Dec. 05--If you're like me, you approach December with an eye toward what you won't do, as much as what you will.
I won't max out my Target card. I won't attempt a homemade gingerbread house. I won't buy a Furby.
This year I'm adding a few more items to my Won't Do list. I've spent a fair number of hours absorbing terrible holiday advice -- through magazine articles, social media posts, publicists pitching seasonal stories -- and this year I'm vowing to do none of it.
I hope you'll join me.
--I won't eat a small meal before attending holiday parties and sip plenty of water once I get there to avoid overindulging.
I like overindulging. I like it especially well in December when the offerings upon which to overindulge include pie and eggnog and Champagne.
A small meal and plenty of water will not slow my certain march toward gluttony. Never once have I grabbed that second slice of pecan pie out of hunger or returned to the punch bowl out of thirst. I overindulge because it's there and it tastes good.
I will skip that superfluous small meal before I leave the house because I will be eating a small meal when I arrive. It's called brie. And I won't be washing it down with water.

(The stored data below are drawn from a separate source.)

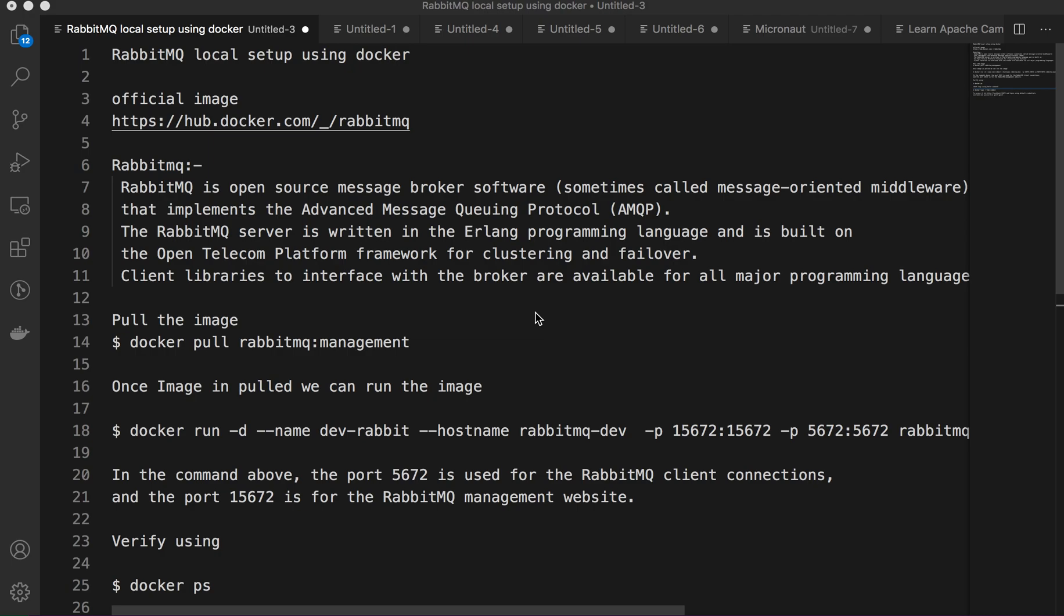Hi all, today in this video we will discuss RabbitMQ three steps to set up in our local machine using Docker. So RabbitMQ is an open source message broker software based on AMQP, which is the Advanced Message Queuing Protocol. The RabbitMQ server is written in Erlang, the most popular language behind the WhatsApp architecture.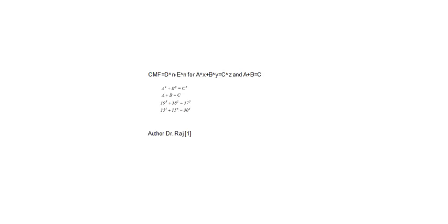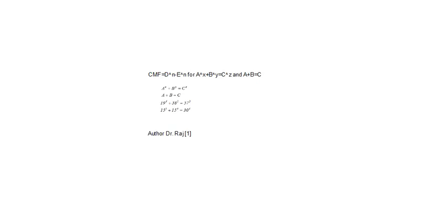But here are also equalities: A plus B is equal to number C. The author is Dr. Raj with these three examples. Sorry, I will not show this on this board because I had a problem to show you these two equalities.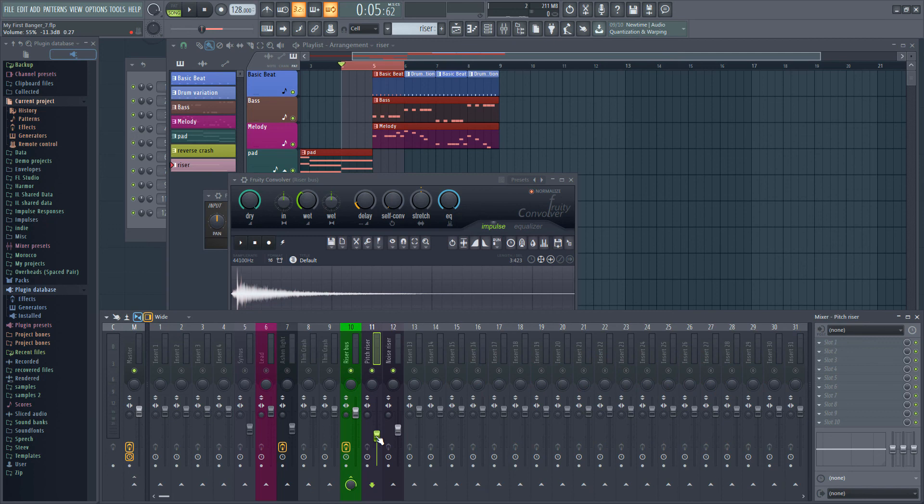If we find ourselves needing to turn the riser up or down later we can do that with a single slider. In the next video we'll look at extending our track further and adding a new section to the main body of the track. See you there.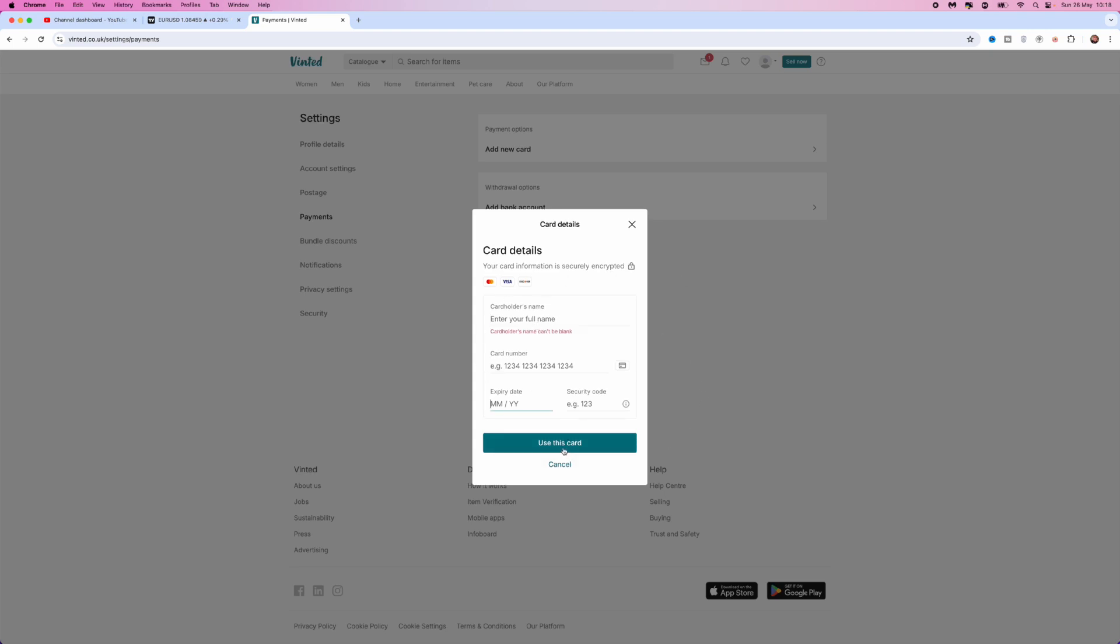you will be able to click on use this card and that payment method will be added to your Vinted account.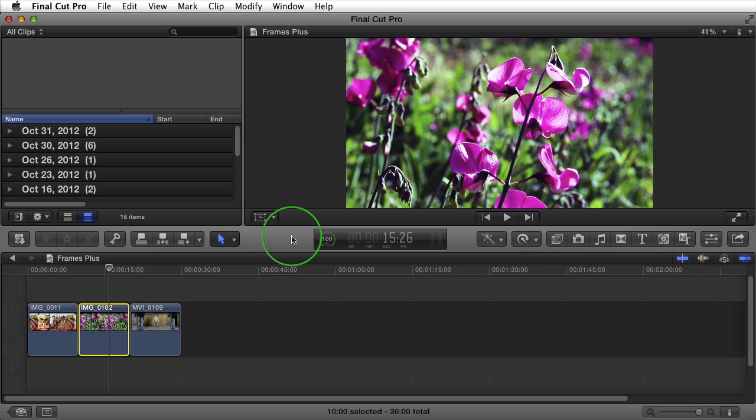Welcome back to Forty TV. I'm your host Forty. Today I'm excited to introduce you to a new Final Cut Pro X effect. This one's called Frames Plus.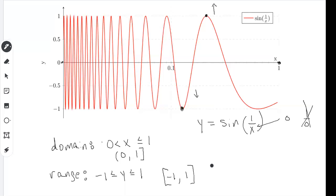When you graph sine of one over X in Desmos, the graph oscillates between negative one and positive one all the way toward the Y axis, and once it gets close to zero, you have an infinite number of oscillations — which is very strange, but that's how the function behaves.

--I won't calculate the number of hours I would need to spend downhill skiing to burn off the meal I just enjoyed.
Another year, another expert urging us to hang our heads in shame for flagrantly surpassing our recommended daily allowance of calories.
The Huffington Post even offers a handy slide show spelling out how to burn off the 3,000 calories we pack in, on average, at our holiday feasts. A 13-hour walk would do it, as would a four-hour run or a six-and-a-half-hour spin on the elliptical. A 17-hour yoga class or nine-hour jaunt down the slopes would do the trick too.
Or we could sit on the couch with the family members we're lucky to see and talk about life or love or politics or Kim Kardashian. We could read a book to a child if there's one nearby. We could see if there's any brie left.
We could give thanks, in a million different ways, for the calories we just consumed instead of contemplating superhuman feats to destroy them.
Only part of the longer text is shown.